Your goal -
The entire listing, reproduced exactly and stripped of images, is the expected output.

Provided data -

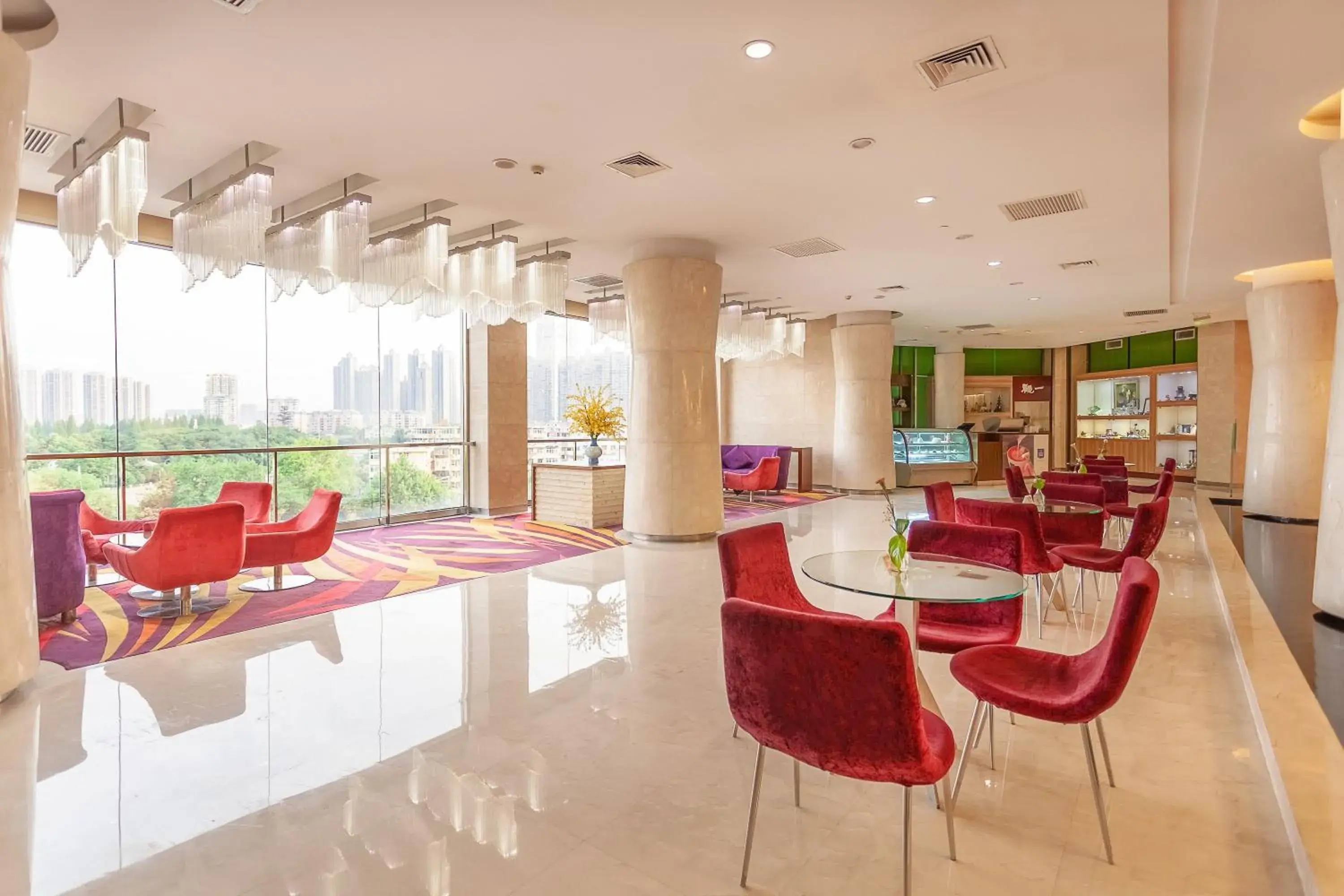 Lounge or bar in Holiday Inn Hefei, an IHG Hotel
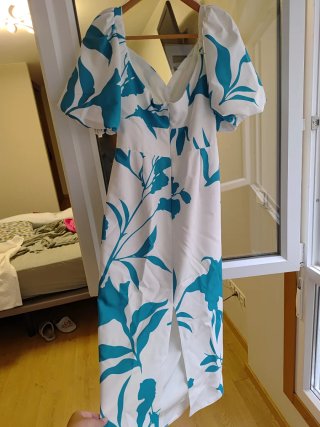 Vestido fiesta estampado floral.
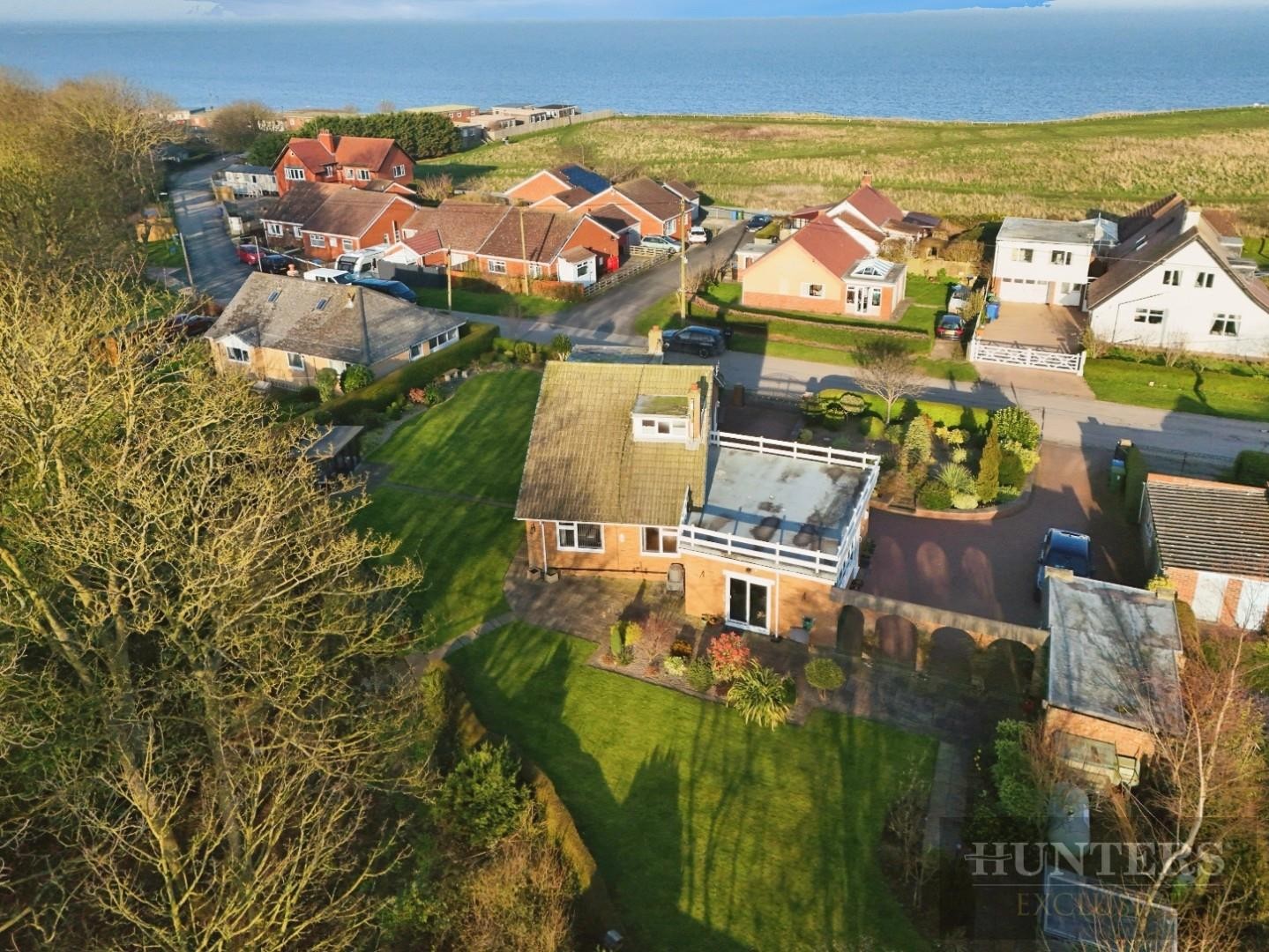 Southcliffe Drive, Primrose Valley, Filey image 17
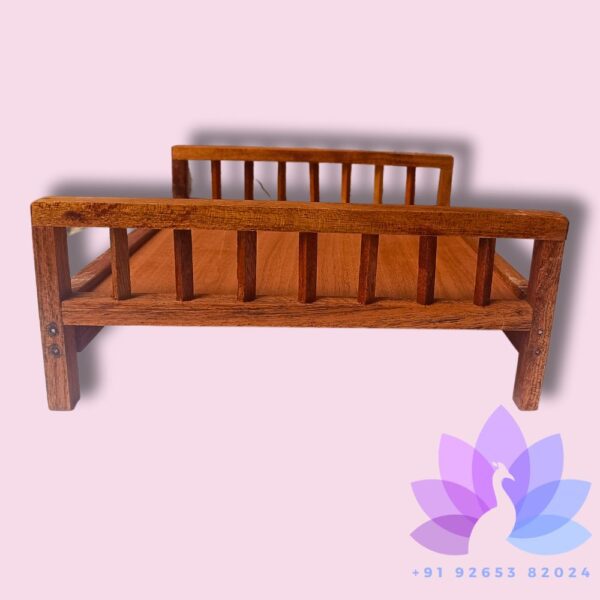 thakorji-wooden-bed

Response to this task -
 Lounge or bar in Holiday Inn Hefei, an IHG Hotel
 Vestido fiesta estampado floral.
 Southcliffe Drive, Primrose Valley, Filey image 17
 thakorji-wooden-bed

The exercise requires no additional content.